WHAT THIS TASK INVOLVES:
Below is a listing. Quote from it, exactly, the lines from the one containing "5705 Shoreline Drive, Shreveport, LA 71119" down to the one containing "860 E Commercial Property Photo 1", both ends included, and nothing else.

RECORDED DATA:
.....

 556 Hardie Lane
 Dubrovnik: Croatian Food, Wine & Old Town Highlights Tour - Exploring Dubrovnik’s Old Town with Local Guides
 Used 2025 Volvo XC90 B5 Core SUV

.....

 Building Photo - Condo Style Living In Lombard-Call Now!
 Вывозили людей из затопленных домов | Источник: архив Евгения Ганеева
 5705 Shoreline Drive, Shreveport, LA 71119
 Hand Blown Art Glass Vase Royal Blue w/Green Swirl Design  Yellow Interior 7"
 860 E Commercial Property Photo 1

.....

EXPECTED ANSWER:
 5705 Shoreline Drive, Shreveport, LA 71119
 Hand Blown Art Glass Vase Royal Blue w/Green Swirl Design  Yellow Interior 7"
 860 E Commercial Property Photo 1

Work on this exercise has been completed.